There is scope to ensure 85 percent to 90 percent value addition through quality tanning and manufacturing of high-end products, he said.
According to him, there are huge prospects for the leather sector to grab a significant piece of the global leather and leather goods market by using local rawhides and improving value addition.
"However, we will have to comply with global standards in the tannery industry," Rahman added.
Bangladesh has 200 tanneries and 223 leather and leather product manufacturers but only five tanneries are certified by the LWG -- Apex Tannery, Riff Leather, SAF Industries, Superex Leather, and ABC Leather.
As a result, Bangladesh is not doing well in the international market. Shipments fell 1.74 percent year-on-year to $1.22 billion in fiscal year 2022-23 that ended on June 30.
Rahman believes that the local leather sector has the potential to increase exports to $5 billion to $7 billion by using locally available leather to cater to the global market worth $300 billion.
However, Bangladesh's share of the global leather market is less than 0.5 percent, he said.
Bangladesh accounts for about 3.5 percent of the total rawhide produced globally but cannot use much of the material for making exportable products, he added.
According to Bangladesh Tannery Association, the tannery industry is capable of producing 300 million square feet of leather each year.
Of the total production of finished leather, only 20 percent can be used for the domestic market. The rest has to be exported as there is no scope to use the material for manufacturing export products in absence of the LWG certification.
However, exporters allege that harassment by customs officials, tax collectors and other government agencies reduces the scope for value addition.
"The value addition for leather footwear for the domestic market declined to 65 percent from 85 percent over the past year due to declining demand for high-end products," said Dilip Kajuri, chief financial officer of Apex Footwear Limited.
"As people's disposable income has reduced due to inflationary pressure, they do not want to purchase costly products," he added.
As a result, Apex has reduced manufacturing costly products that have higher scope for value addition.
"If we want to ensure 85 to 90 percent value addition, we have to manufacture costly items that have less demand at the moment," Kajuri said.

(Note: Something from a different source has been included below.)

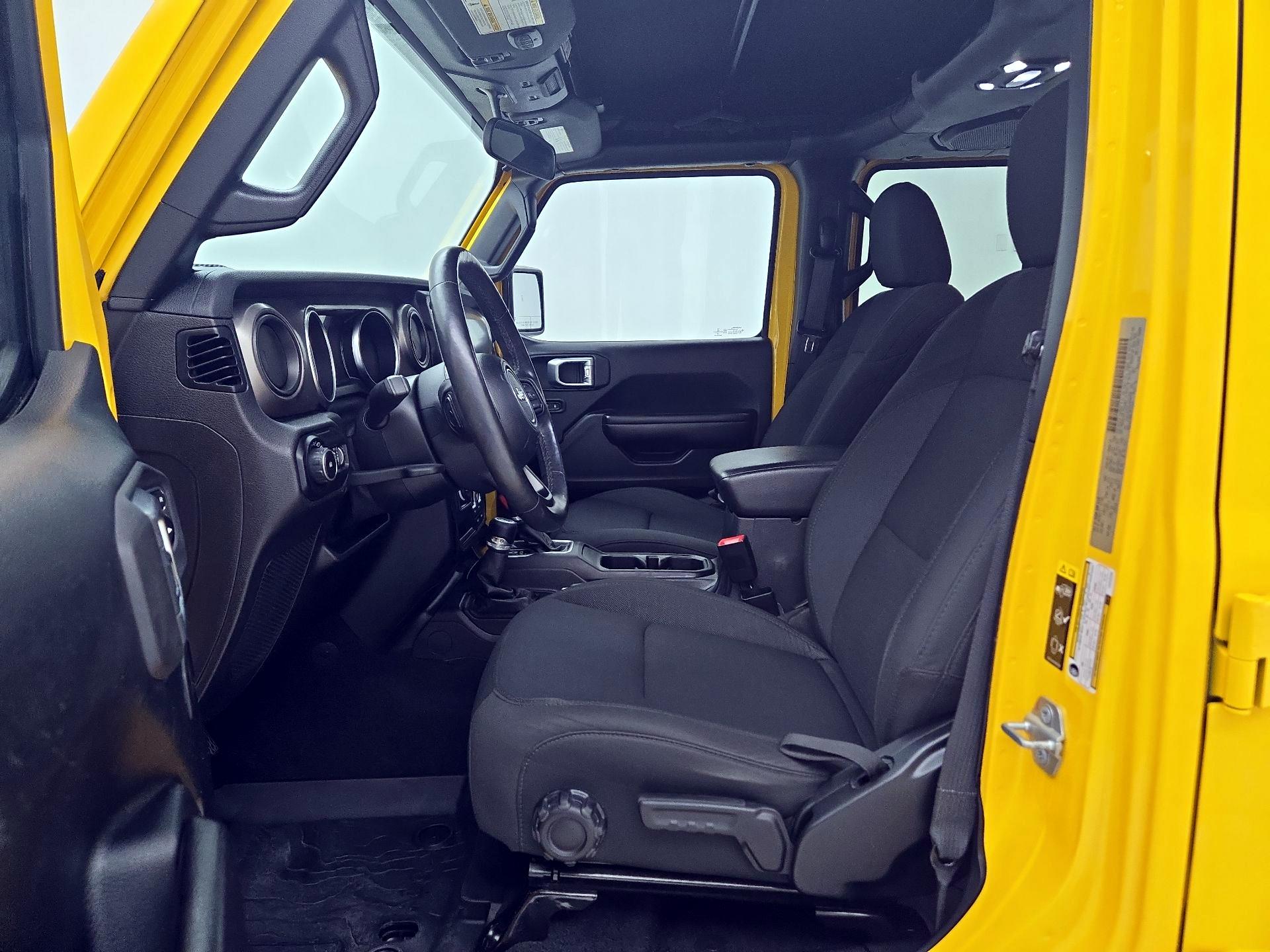 Thumbnail: 2020 Jeep Wrangler - 11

Kajuri also said 95 percent of their leather shoes for the domestic market were made from local raw materials, but they have to import leather for high-end products, such as that of the Venturini brand.

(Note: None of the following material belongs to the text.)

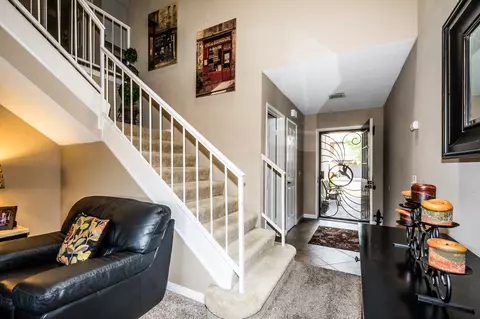 204 Eagle Ln, Palmdale, CA 93551 photo 2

"Now, leather footwear manufacturers can ensure value addition of around 20-30 percent depending on the products for the export market," said Arifur Rahman Chowdhury, general manager of ABC Footwear Industries Limited, one of the biggest exporters of leather footwear.
Previously, manufacturers could ensure value addition of around 60 percent, but with the appreciation of the US dollar against taka, the value addition has reduced.

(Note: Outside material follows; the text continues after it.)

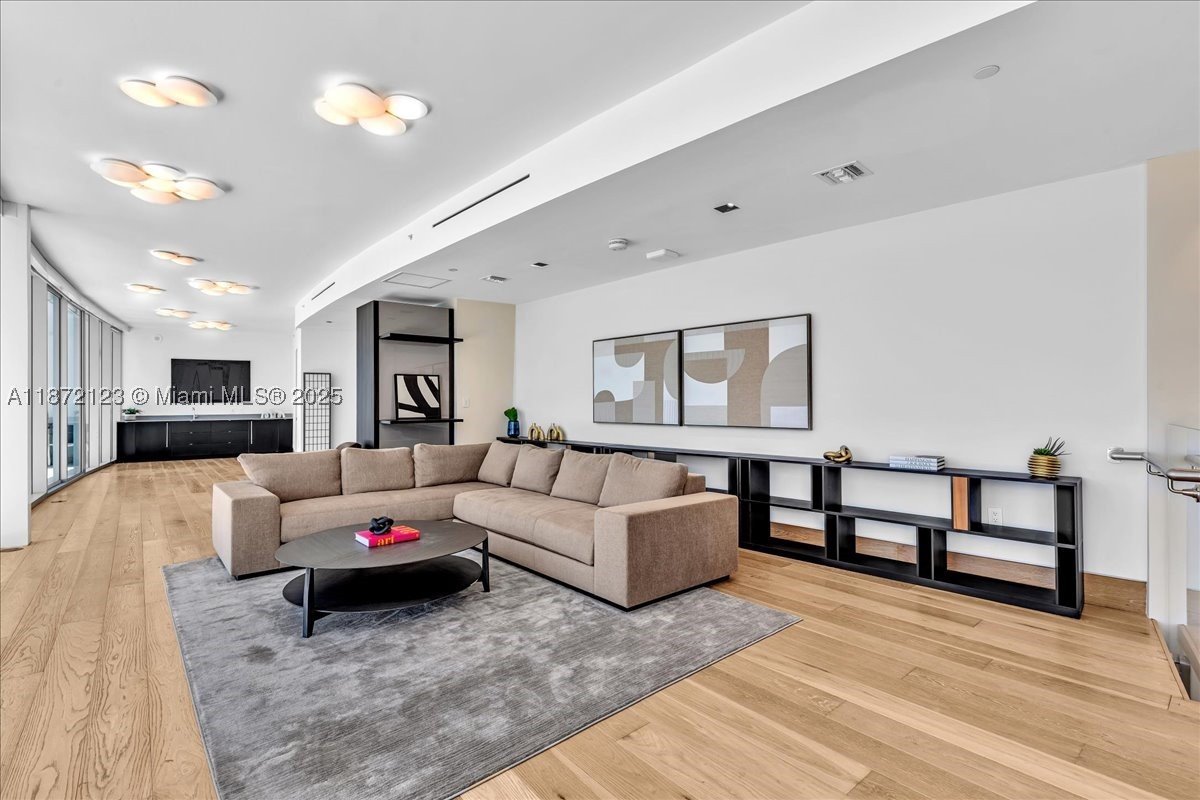 200 Biscayne Boulevard Way #PH 5401, Miami FL 33131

According to him, most exporters cannot use leather produced locally due to the lack of LWG certification.
"But we can use local leather tanned at our factory as we have LWG certification," he said.
On condition of anonymity, a leading footwear exporter said they have to mention the source of raw materials when selling products to foreign buyers.
For this reason, there is no scope of using leather whose processor does not have an LWG certificate.
Besides, without LWG certification, one of the prerequisites of which is a central effluent treatment plant at the tannery industrial estate at Savar, higher value addition and increasing exports is not possible, he added.
Arfanul Hoque, head of retail at Bata Shoe Company (Bangladesh), said they are a major consumer of local leather as they retail products using the material in the domestic market.
But for high-end products, they need to import a very nominal quantity of finished leather, he added.
According to Hoque, Bata is a multinational company that uses local leather as a raw material to manufacture leather shoes and ensure maximum value addition.
Market insiders say average annual domestic market sales of leather footwear (organised and non-organised) amounts to around Tk 16,000 crore.
Other than leather, footwear manufacturers need to import all the required raw materials to make products even for the domestic market, making them nearly 100 percent import dependent.
There are at least 152 types of raw materials required by footwear industries.